** Task **
Copy every line from the records below that holds the word "Sleeve".

** Opening Listed records block **

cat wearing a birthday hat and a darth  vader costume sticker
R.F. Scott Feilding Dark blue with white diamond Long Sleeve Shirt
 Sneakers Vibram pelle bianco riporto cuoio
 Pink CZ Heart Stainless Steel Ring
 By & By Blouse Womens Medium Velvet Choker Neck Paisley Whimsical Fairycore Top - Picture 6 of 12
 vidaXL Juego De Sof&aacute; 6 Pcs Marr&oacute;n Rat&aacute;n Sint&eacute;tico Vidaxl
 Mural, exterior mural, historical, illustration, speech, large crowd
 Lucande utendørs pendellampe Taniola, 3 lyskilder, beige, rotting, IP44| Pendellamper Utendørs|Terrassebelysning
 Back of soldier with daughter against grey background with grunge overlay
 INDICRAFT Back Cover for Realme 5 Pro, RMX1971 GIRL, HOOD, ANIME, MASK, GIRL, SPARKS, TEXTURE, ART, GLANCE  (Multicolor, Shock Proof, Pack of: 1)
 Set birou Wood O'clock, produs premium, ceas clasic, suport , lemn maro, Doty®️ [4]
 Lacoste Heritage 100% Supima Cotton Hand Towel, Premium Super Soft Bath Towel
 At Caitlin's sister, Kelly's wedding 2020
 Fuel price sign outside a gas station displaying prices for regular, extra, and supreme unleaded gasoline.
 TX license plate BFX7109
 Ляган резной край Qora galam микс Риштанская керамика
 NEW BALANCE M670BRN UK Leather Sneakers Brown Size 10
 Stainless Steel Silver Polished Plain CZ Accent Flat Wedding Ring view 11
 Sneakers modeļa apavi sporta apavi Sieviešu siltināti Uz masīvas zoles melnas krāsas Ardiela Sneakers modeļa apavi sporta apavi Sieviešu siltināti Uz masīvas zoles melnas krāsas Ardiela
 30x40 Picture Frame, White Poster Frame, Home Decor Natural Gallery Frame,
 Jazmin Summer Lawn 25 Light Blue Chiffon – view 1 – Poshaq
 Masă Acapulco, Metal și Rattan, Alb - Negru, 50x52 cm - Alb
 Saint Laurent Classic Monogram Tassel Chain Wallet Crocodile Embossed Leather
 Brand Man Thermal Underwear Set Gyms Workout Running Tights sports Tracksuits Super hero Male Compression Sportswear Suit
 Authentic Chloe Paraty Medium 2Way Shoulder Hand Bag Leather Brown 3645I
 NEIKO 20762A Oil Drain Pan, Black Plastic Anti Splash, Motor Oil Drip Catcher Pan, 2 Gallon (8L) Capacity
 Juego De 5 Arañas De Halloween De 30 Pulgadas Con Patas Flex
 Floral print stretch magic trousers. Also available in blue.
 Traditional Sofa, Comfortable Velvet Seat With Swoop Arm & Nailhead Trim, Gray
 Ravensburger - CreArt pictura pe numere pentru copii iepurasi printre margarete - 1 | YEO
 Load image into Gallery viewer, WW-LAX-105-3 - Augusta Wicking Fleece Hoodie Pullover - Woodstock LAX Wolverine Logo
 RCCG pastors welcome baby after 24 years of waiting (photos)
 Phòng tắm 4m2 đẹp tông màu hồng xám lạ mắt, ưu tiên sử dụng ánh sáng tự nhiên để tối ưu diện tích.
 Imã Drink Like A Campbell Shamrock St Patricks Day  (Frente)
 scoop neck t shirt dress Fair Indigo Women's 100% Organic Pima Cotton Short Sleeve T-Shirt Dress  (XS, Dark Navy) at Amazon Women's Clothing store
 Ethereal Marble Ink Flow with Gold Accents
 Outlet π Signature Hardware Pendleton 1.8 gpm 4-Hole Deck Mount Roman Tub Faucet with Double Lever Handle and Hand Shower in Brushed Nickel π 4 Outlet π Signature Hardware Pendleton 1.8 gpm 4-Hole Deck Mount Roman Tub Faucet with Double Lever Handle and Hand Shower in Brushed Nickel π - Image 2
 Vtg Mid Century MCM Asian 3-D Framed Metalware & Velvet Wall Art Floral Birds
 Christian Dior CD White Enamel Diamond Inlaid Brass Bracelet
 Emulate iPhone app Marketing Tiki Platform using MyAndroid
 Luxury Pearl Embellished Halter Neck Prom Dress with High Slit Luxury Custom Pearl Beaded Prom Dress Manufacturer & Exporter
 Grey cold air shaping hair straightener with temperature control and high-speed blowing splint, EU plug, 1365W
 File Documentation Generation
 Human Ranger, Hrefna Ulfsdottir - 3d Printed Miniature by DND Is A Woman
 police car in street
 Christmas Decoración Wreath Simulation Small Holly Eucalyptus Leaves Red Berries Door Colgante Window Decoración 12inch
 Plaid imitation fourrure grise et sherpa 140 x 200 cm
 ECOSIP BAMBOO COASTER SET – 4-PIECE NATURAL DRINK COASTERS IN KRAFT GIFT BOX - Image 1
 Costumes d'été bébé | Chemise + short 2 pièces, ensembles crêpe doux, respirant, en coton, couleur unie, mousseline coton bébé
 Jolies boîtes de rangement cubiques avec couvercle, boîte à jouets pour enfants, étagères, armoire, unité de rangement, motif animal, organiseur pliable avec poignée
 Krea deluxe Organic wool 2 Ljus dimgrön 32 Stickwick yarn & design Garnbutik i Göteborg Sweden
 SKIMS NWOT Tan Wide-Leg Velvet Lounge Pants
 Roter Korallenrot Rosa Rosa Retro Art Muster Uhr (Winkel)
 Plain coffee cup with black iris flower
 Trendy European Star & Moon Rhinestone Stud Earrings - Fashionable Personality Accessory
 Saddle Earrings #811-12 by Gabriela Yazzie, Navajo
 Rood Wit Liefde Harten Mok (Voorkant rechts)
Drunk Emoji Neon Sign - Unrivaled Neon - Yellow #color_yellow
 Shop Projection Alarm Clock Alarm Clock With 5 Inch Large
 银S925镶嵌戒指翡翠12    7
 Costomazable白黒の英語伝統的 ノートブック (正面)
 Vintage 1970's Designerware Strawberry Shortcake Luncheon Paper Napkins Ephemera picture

** Closing Listed records block **

** Your solution **
R.F. Scott Feilding Dark blue with white diamond Long Sleeve Shirt
 scoop neck t shirt dress Fair Indigo Women's 100% Organic Pima Cotton Short Sleeve T-Shirt Dress  (XS, Dark Navy) at Amazon Women's Clothing store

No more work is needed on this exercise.